Pages

Tuesday, April 12, 2016

The Best Big Ideas: Boyer's Human Commonalities


Famed educator Ernest Boyer's Human Commonalities represent eight things all humans on this earth have in common. No matter what nationality, tribe, culture, or time period we associate with, we can all relate to these eight universal experiences. I have used these big ideas as themes in SchoolArts Magazine and in developing curriculum.
1.) The Life Cycle (all humans experience birth, growth, and death)
2.) Language (all humans use symbols to express their thoughts, feelings, and emotions)
3.) The Arts (various art forms serve as a universal language)
4.) History (all humans, at some point, recall the past and look to the future)
5.) Groups/Institutions (all humans belong in some way)
6.) Work (all humans make a living in some way)
7.) Search for Meaning (all humans, in their own personal way, ponder the larger purpose of life)
8.) The Natural World (all humans are connected to the ecology of the earth)
Spirit House from Thailand
Sacred Realm Blessings Good Fortune Across Asia, a current exhibition at the Museum of International Folk Art in Santa Fe, New Mexico, is a wonderful example of taking a big idea and comparing how it is expressed  through art in different cultures. To me, this clearly illustrates the Human Commonality of Language (all humans use symbols to express their thoughts, feelings, and emotions). 

Shrine to Dali Lama
"Sacred Realm reflects wide-ranging practices of belief that, at the same time, depict the common human desire to attain balance and harmony in the physical and spiritual realms of life. "

Paper clothes.
Sacred Realm highlights the Museum's own Asian collection exploring such beliefs as magical protection, blessings, and good fortune. This exhibition is unique in that it is presented thematically.

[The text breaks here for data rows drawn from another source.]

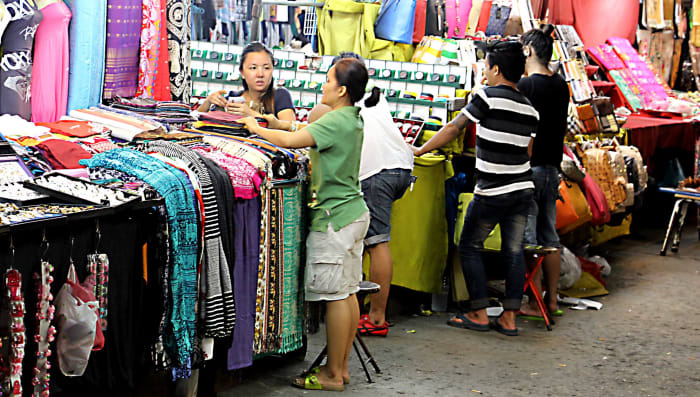 The famous Patpong Night Market - stalls do sell good quality items as well as tourist tat, and the abundance and variety of popular items such as clothing is immense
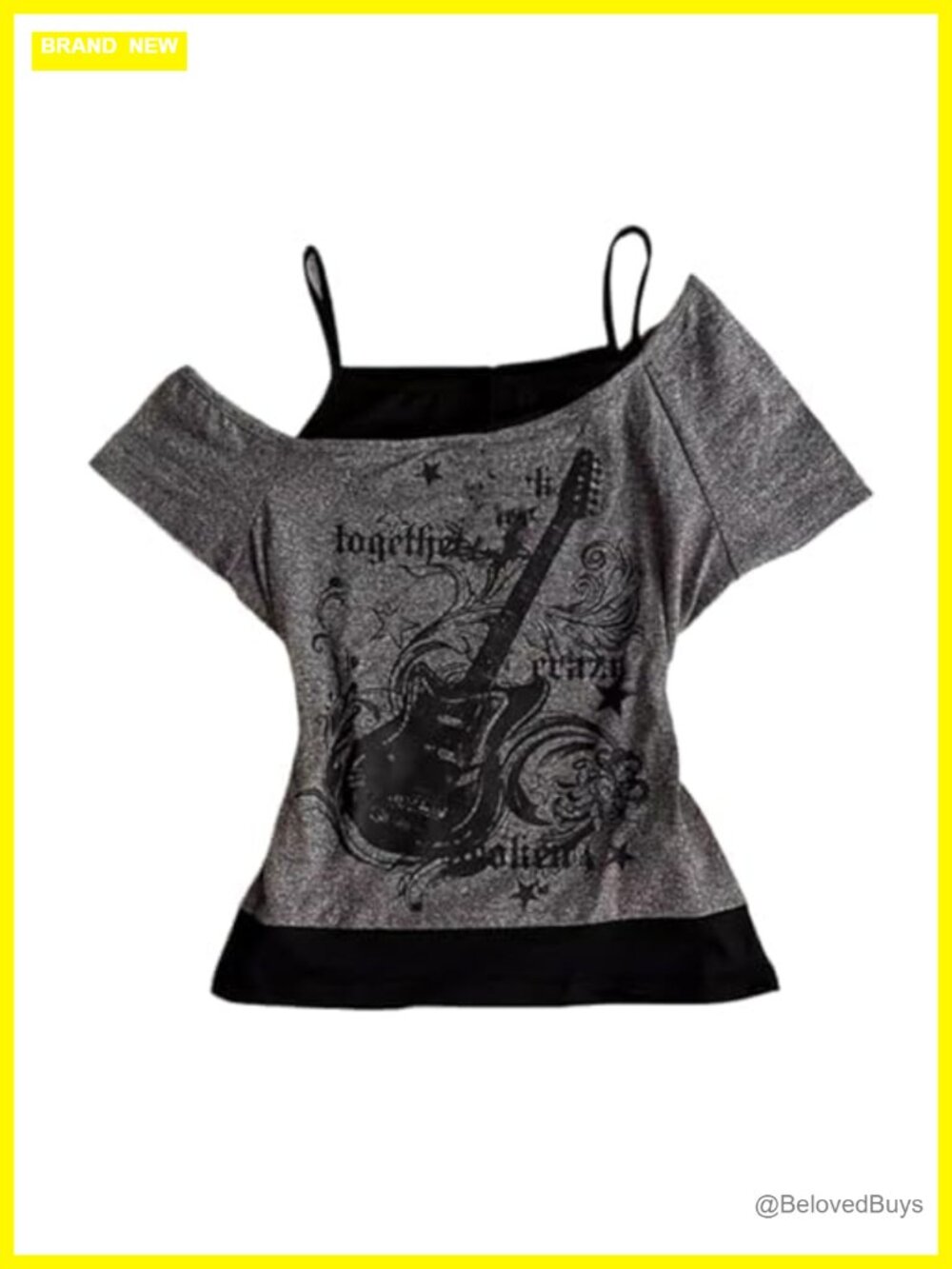 Y2K Asymmetrical Hem Off Shoulder Graphic Crop Top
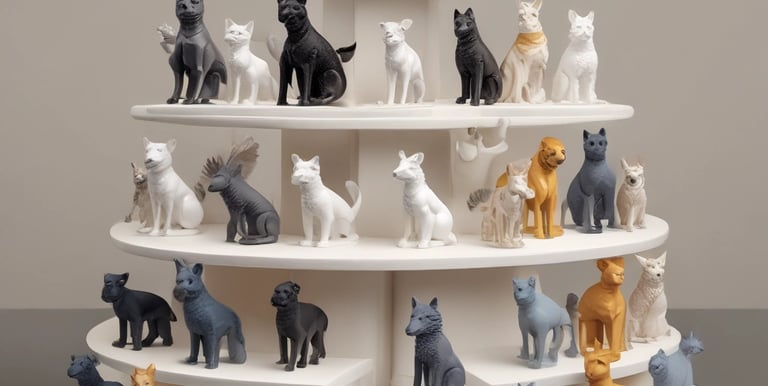 a cake with a lot of different types of cats and dogs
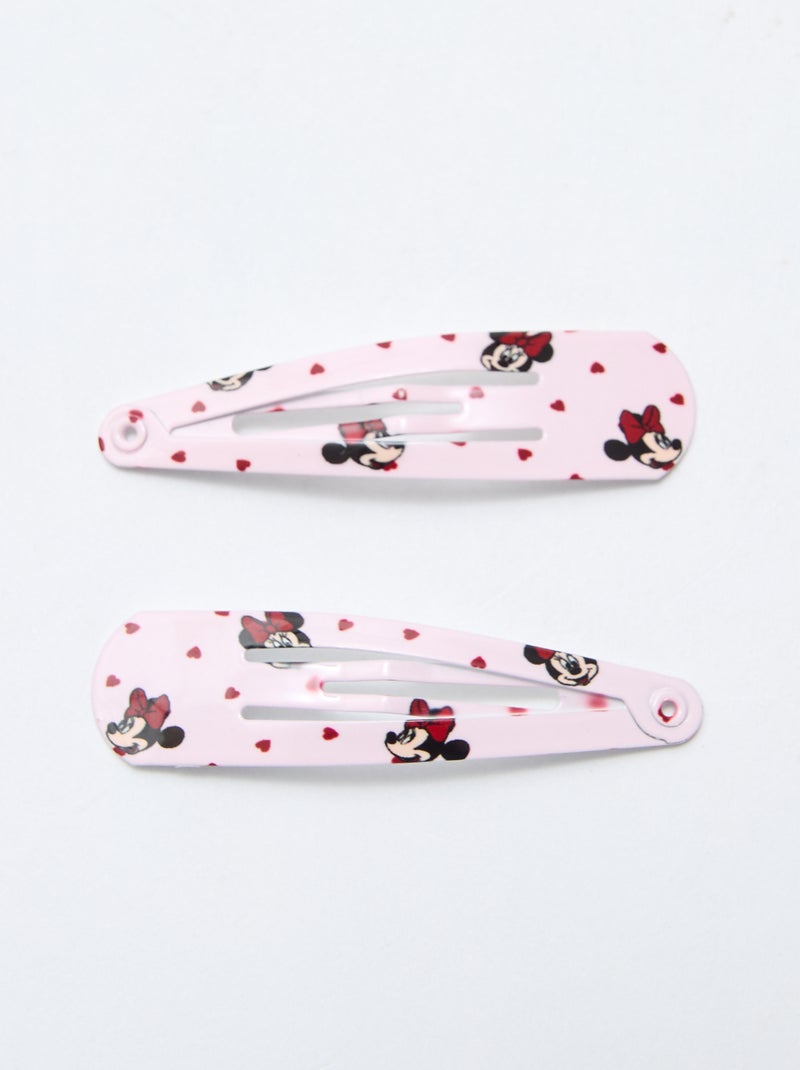 Lot de 4 pinces + 2 élastiques 'Minnie' Rose - Kiabi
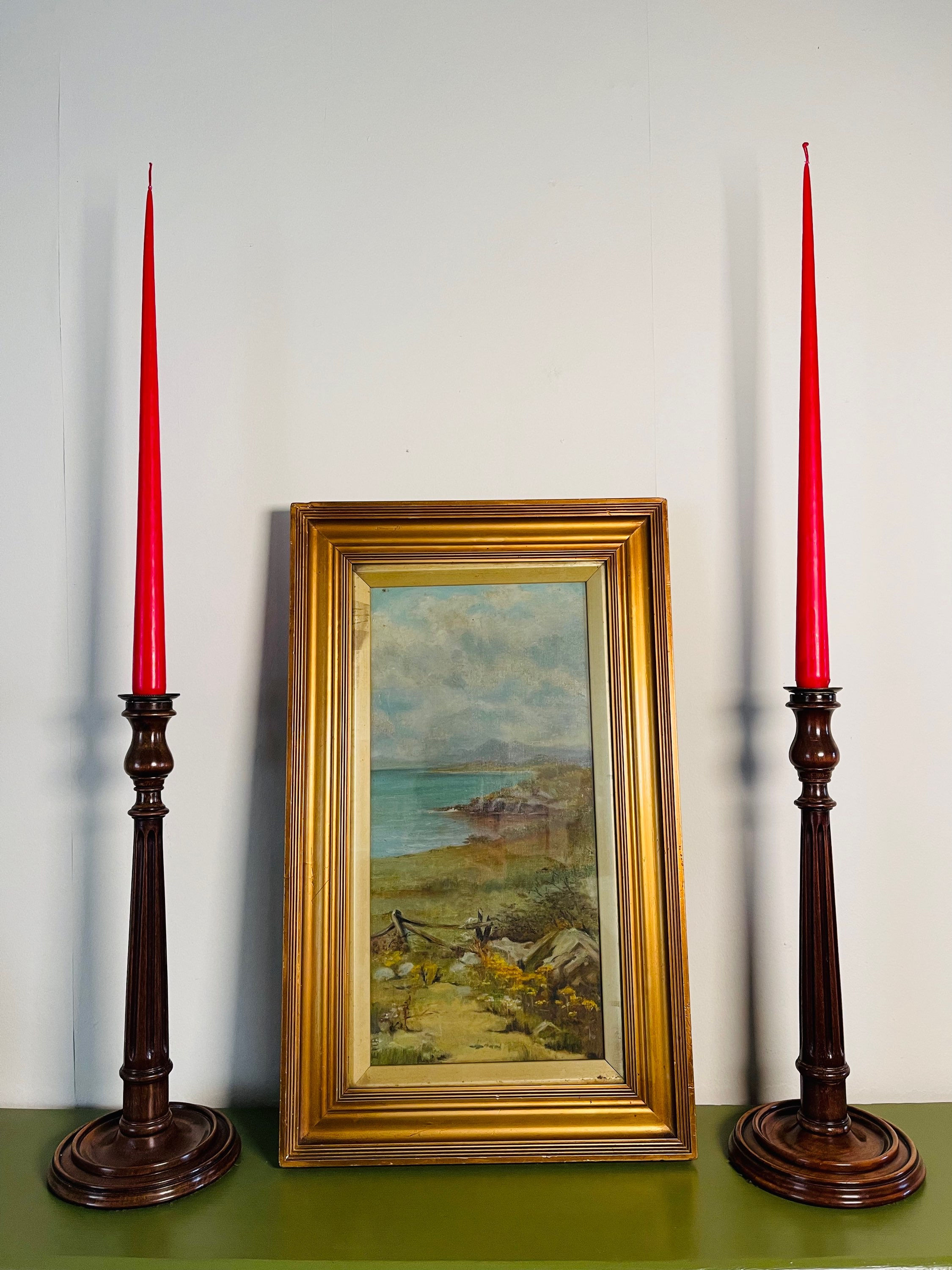 Victorian Mahogany Candlesticks - #8494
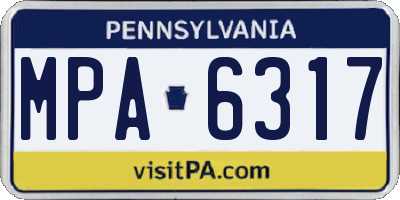 PA license plate MPA6317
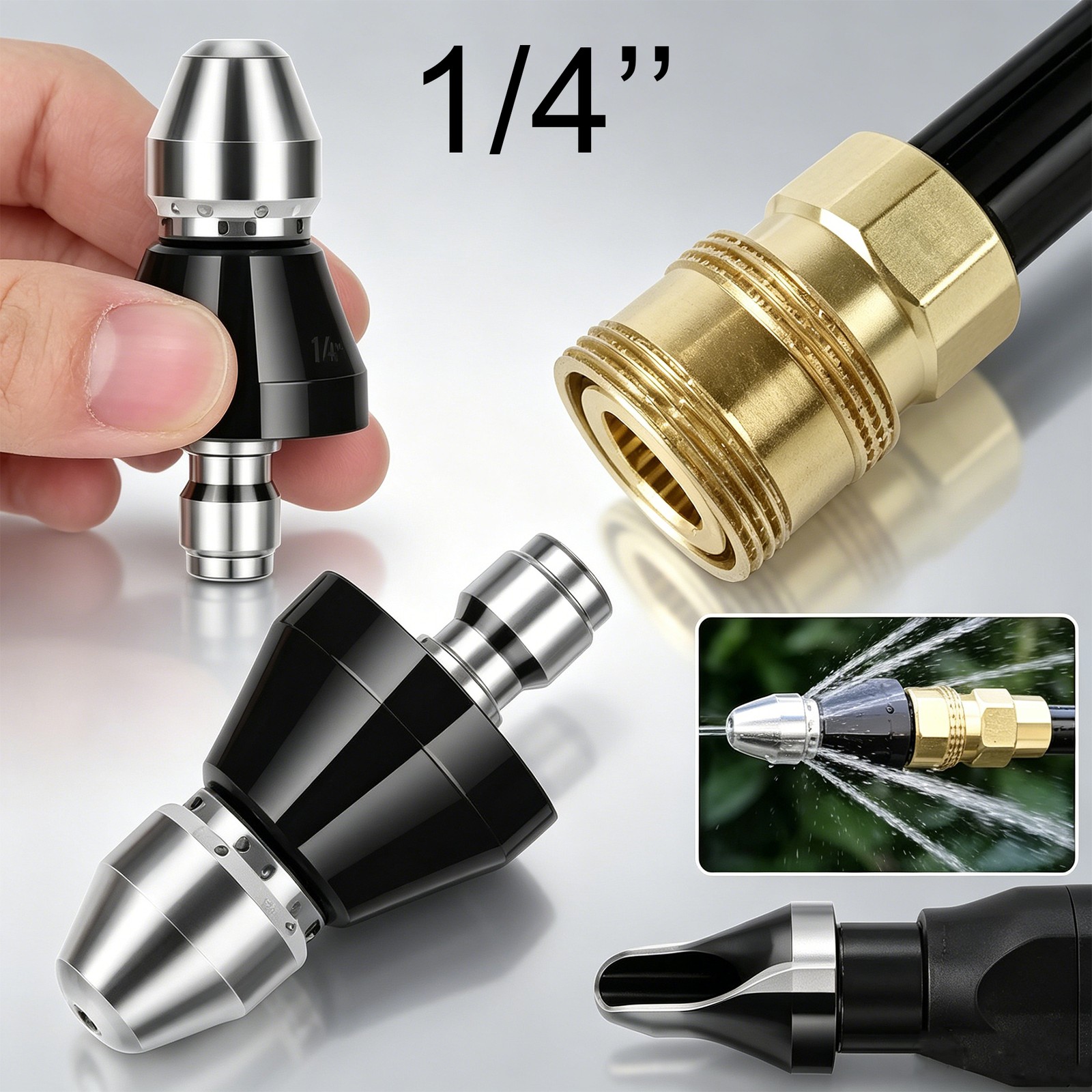 1pc 1/4 High-Pressure Drain Nozzle Sewer Pipe Cleaner Pressure Washer Tools USA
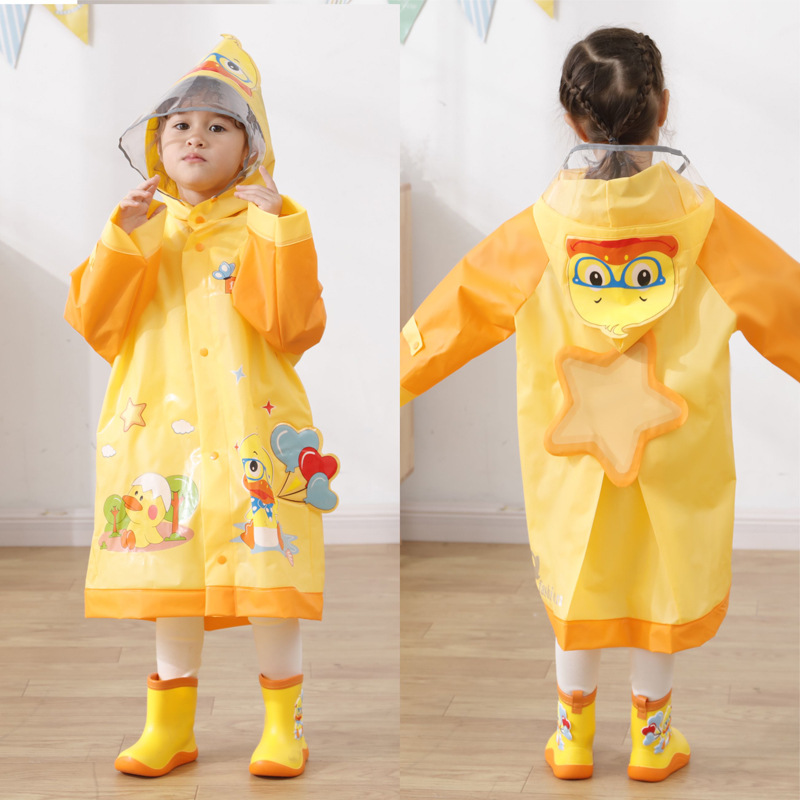 儿童雨衣立体雨具男童女童小孩带书包位透明大帽檐防水幼儿园雨披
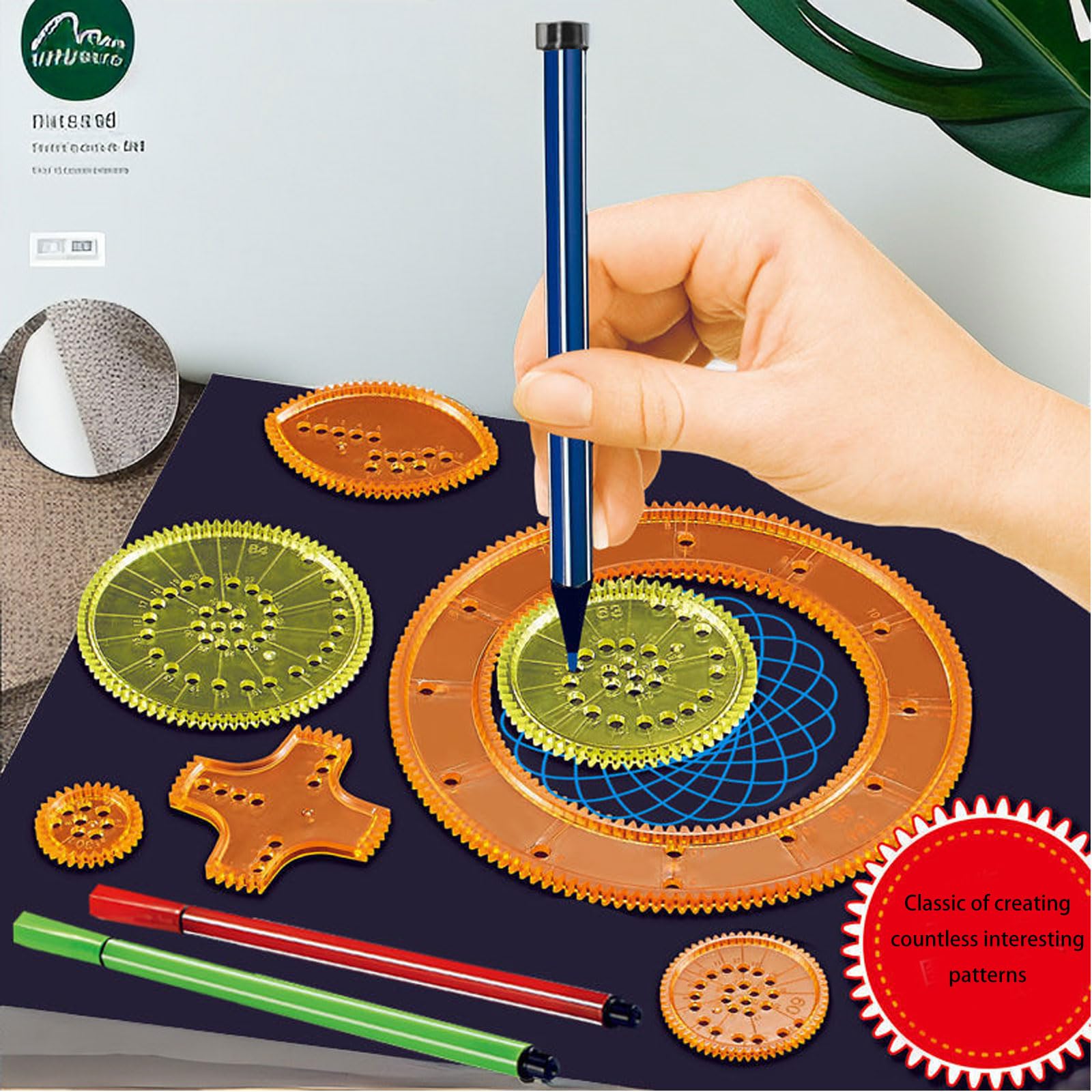 Spiral Art Gear Geometric Ruler for Drawing Plastic Spiral Circle Template Ruler Drawing Toy+12 Color Scoring Pen Set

"The Museum exhibit team worked with a Feng Shui designer to spiritually balance the gallery, incorporating basic principles of color and object placement to aid the gallery's harmony and flow."

Hamsa hand, magical protection from the envious or evil eye.

It is such a joy to see a thematic exhibition like this. (And I do believe the Museum has the best exhibit design anywhere.)
How can you utilize an exhibit such as this with your students? Rather than having students copy such pieces, why not share and discuss the exhibit with them and them challenge them to come up with personally meaningful and contemporary symbols that express blessings and good fortune. You could also bring other similar cultural objects such as milagros and ex-votos to the discussion.

You can access information and photos for the exhibition here. I believe you could adapt this for any age level.